Although the park is open year-round, mid-June through mid-August is the peak time for visitors. The majority arrive during the summer season, which officially runs from May 20 through the second weekend after Labor Day in mid-September. This is the only time of the year busses will be operating within the park. As there is no public transportation to the area outside of this period, most visitors in the spring or fall rent a vehicle and then travel to the park. Winter is a great time to explore and enjoy some of the most pristine landscapes on foot, snowshoes, or skis. Snow may start falling as early as September, although conditions may not be suitable for skiing until December. Snow tends to stick around until April or May.

Many feel the best time to visit Denali is during the second half of May or early September when there are relatively few visitors. Keep in mind that no matter when you come, as the park is so large, it’s always easy to find a spot for solitude. 

Where to Stay 

Accommodation options in and around Denali run the gamut with everything from camping and rustic cabins to luxury lodge resorts. For an authentic wilderness experience, you might book the remote bush cabin where you’ll be guided in, hiking five miles from Talkeetna. Of if you’re looking for more luxuries, the Denali Backcountry Lodge is nestled deep within the Alaskan tundra. It’s one of the national park system’s most remote in-park accommodation options, providing an all-inclusive stay in cabins with private decks, black-out curtains, heating, and full bathrooms. 

A half-dozen campgrounds can be found within the park, best reserved well in advance to avoid disappointment. Reservations are possible as soon as December 1st of the year before you plan to visit. 

What to Do

Denali is a popular place for hiking, mountaineer, and rafting the Nenana River during the warmer months, with both gentle float trips and more thrilling rides available. For a less active experience, you can take a tour bus or shuttle from Mile 15 for a scenic drive on the 92-mile Park Road (private vehicles aren’t allowed past that point). You’ll be able to hop on or hop off along the way. 

Some of the best ways to explore the park in the winter are snowshoeing fat bikes, and cross-country skiing, all possible on trails and roads around the visitor centers and beyond.

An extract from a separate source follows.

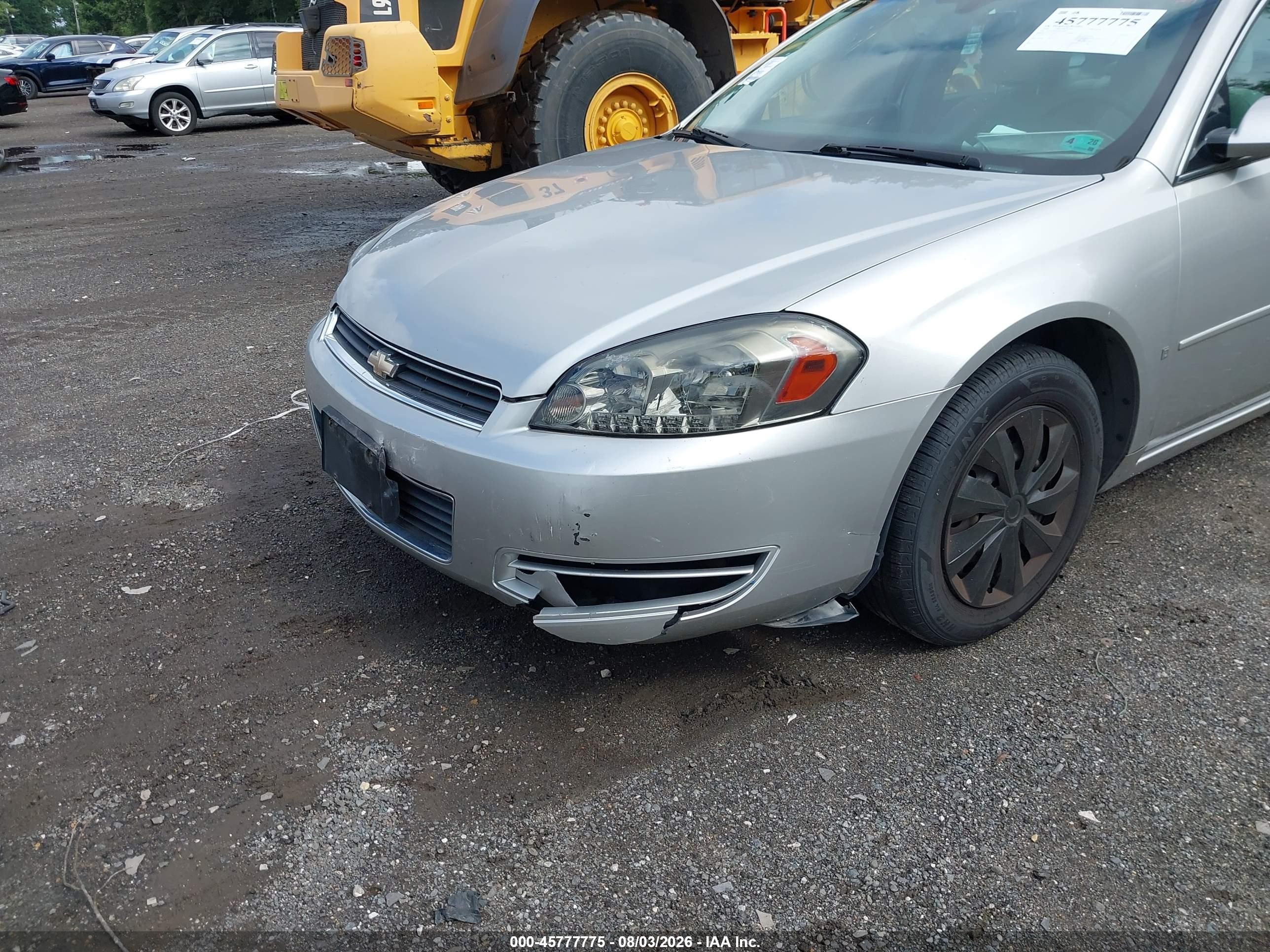 2006 Chevrolet Impala Ls Silver vin: 2G1WB58KX69166671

There are also excursions that can be arranged through various outfitters such as dogsledding trips, "aurora chasing” tours for viewing and photographing the northern lights, winter photography workshops, and more. Year-round, dinosaur fossils, abundant in the 70-million-year-old Cantwell Formation, can be viewed at the Denali’s Murie Science and Learning Center.

Overall, Denali National Park is full of activities for families and adventure lovers alike.